Mediterranean Chef Cafe
The same delicious, exotic foods offered by the Mediterranean Chef brand taste even better when sampled in its Cafe
Reviewed by Mick Vann, Fri., July 13, 2012
Mediterranean Chef Cafe5908 Aurora, 970-9150
Monday-Friday, 9am-8pm; Saturday, 10am-8pm; closed Sunday
Nikki Kaya, the Mediterranean chef mentioned in the name of the restaurant, is a chemical engineer by trade, and an émigré from Istanbul, Turkey. She arrived here in 1995, after paying her dues as a lab rat (the term scientists use for those who toil selflessly in labs, analyzing and logging data) in nutritional analysis laboratories in Istanbul. She repeated that task here, before working her way up to become a food service director for corporate accounts, and taking French culinary classes. She came already armed with a wealth of culinary knowledge, having learned how to cook the dishes of her homeland at the side of her mother and grandmother, but her job background prepared her perfectly for manufacturing food. If the brand name Mediterranean Chef sounds familiar, that's probably because you've seen its products at local and area farmers' markets and on the shelf at local groceries such as Whole Foods, Central Market, and Fresh Plus. It also caters, and will deliver wholesale orders for a price.
The cafe part of the equation involves the spare but comfy seating area in front of the Mediterranean Chef's concrete-block building on Aurora; it sits halfway between North Lamar and Grover, going north off of Koenig, west of Lamar, and just west of that big water tank. With a spacious, tree-shaded parking lot and a groovy Mediterraneanish mural on the side, it's easy to spot. You order at the counter, the food is delivered quickly, and you pay as you leave.

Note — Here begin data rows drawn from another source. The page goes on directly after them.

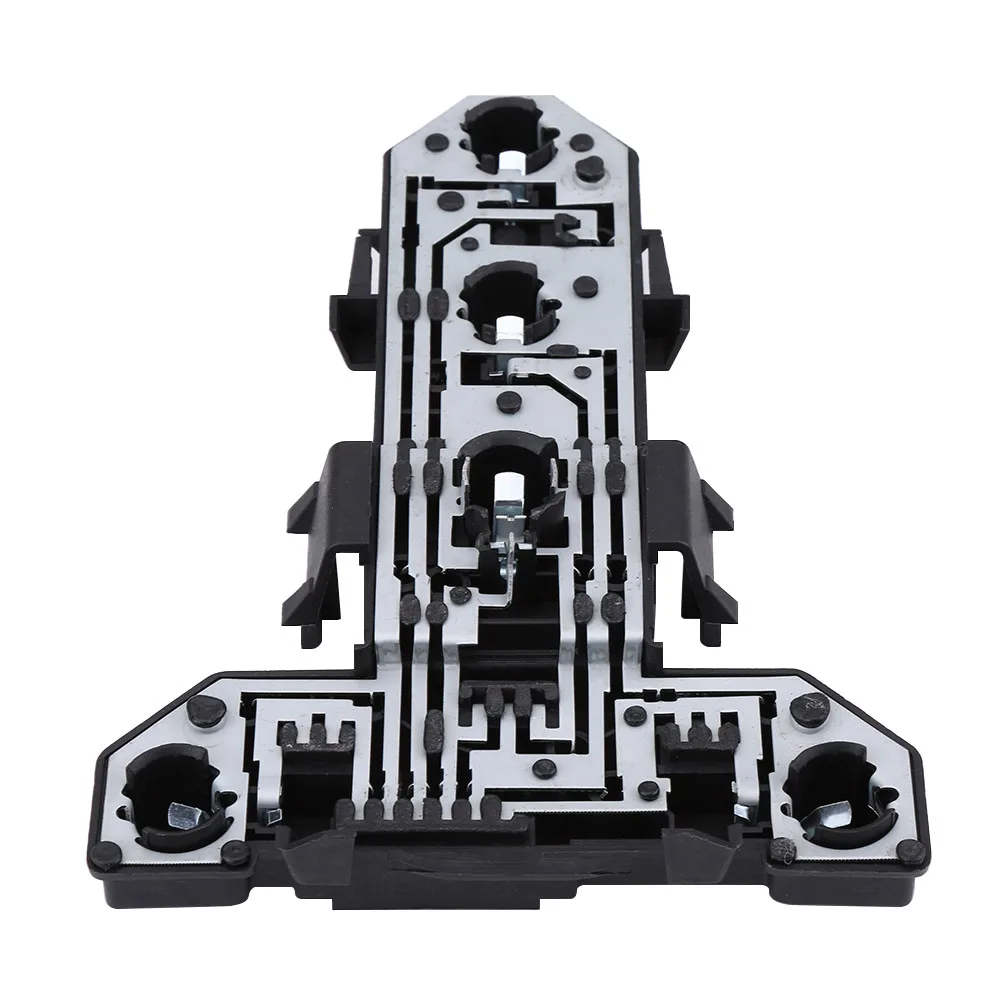 Car Rear Tail Light Bulb Holder Circuit Board Replacement Parts for Bora MK4 1998‑2004 1J5‑945‑257 Automobile Accessories
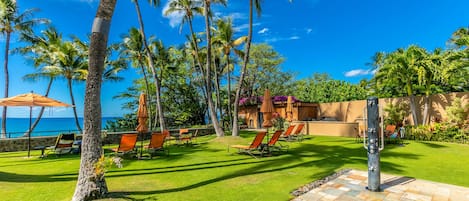 Condo, 2 Bedrooms | Terrace/patio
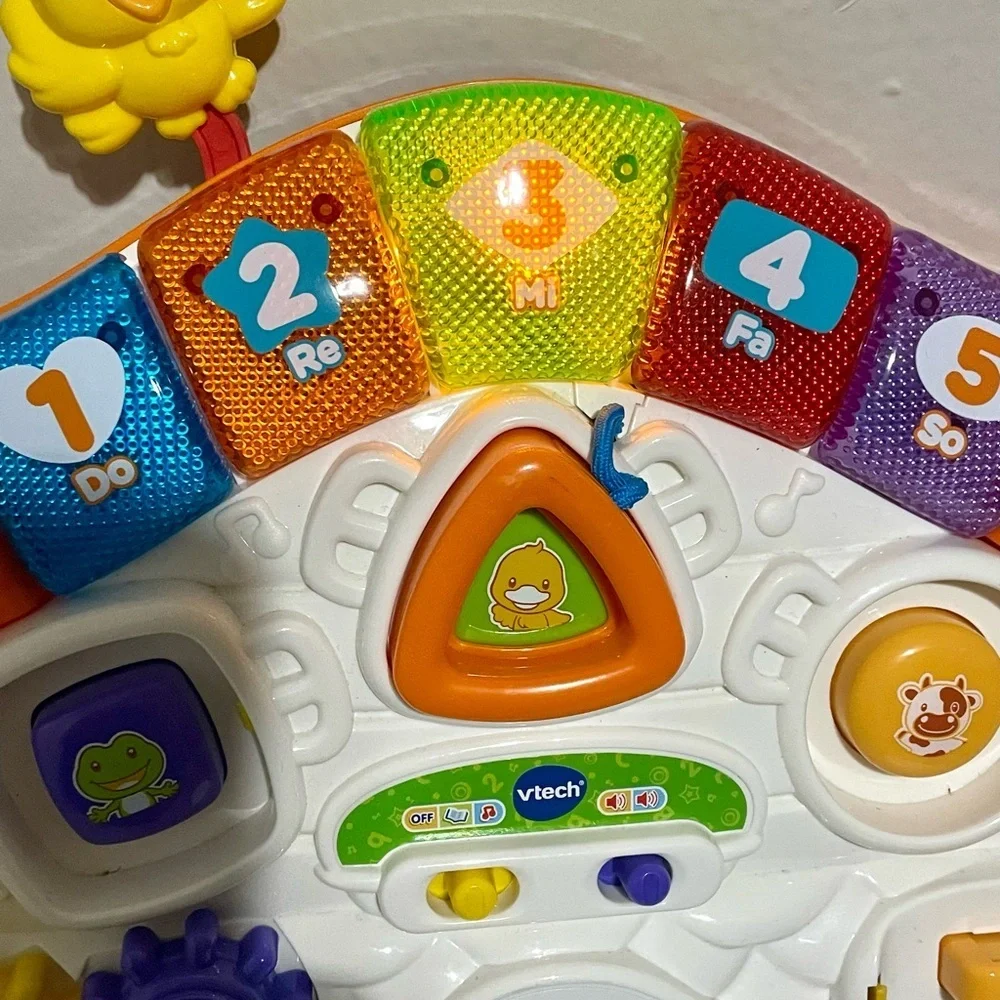 VTech Stroll & Discover Activity Walker Board Interactive‎ Educational Toy Only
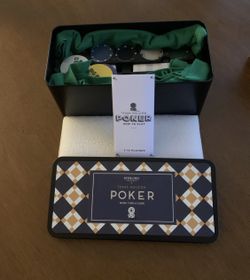Texas Hold’Em Poker Set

The pricing can be confusing, since the cafe charges by the pound ($7.99 per pound), but we ordered a "little bit of everything," including two pita wraps and baklava, and the price was very reasonable.
The pita wraps come stuffed with lamb and beef, or chicken, and are generously filled with lettuce, tomato, sautéed onions, feta, jalapeños, and a tart tatziki sauce. We preferred the lamb and beef over the chicken, but found both options moist and flavorful. I know whole wheat pita is healthier, but I'd actually rather have a plain white pita; still, both are great, even if you force me into whole wheatdom. The falafel, which we had heard raves about, was the weak point of the visit. Frankly, we found it cooked nicely, but dry and under-seasoned; the phrase "bland hush puppy" escaped my lips.
The pies, which come in two versions, are fantastic. The spinach pie is in a golden-brown, flaky phyllo cocoon, and has an ample stuffing of spinach, onion, and feta, seasoned with dill and a few caraway seeds. The meat pie uses sautéed, grass-fed beef, new potatoes, and onion, wrapped in that same crunchy pillow. Grandma's Humus is made with organic garbanzos, tahini, garlic, olive oil, and fresh lemon juice. It comes drizzled with additional olive oil and tastes sprightly and superb; one of the better versions in town. The tabouleh is delicious, using more parsley than you're probably used to, but it has an assertive flavor that really jumps out and grabs you.
We loved the beet salad: a creamy mélange of beets, sour cream, lemon, and a touch of cinnamon – very refreshing. The vegetarian dolmas (stuffed grape leaves) are tasty, tubular treats, filled with rice, herbs, garlic, lemon, and olive oil. My dining companion fancies himself a dolma connoisseur, and he declared them to be among the best he's had in town. I like that they weren't smothered in olive oil, and had some real flavor to them. We liked the baba ghanoush as well: creamy, complex, and with a delicate smokiness from the grilled eggplant; an excellent version. Baklava ($1.95) is so often a dripping, overly sweet mess, drowned in honey. Here, it manages to be flaky, with a crumbly, rich pecan filling, and a light syrup of spiced honey. Well done, madam! We have to put Mediterranean Chef Cafe way up there in the top tier of Mideast venues.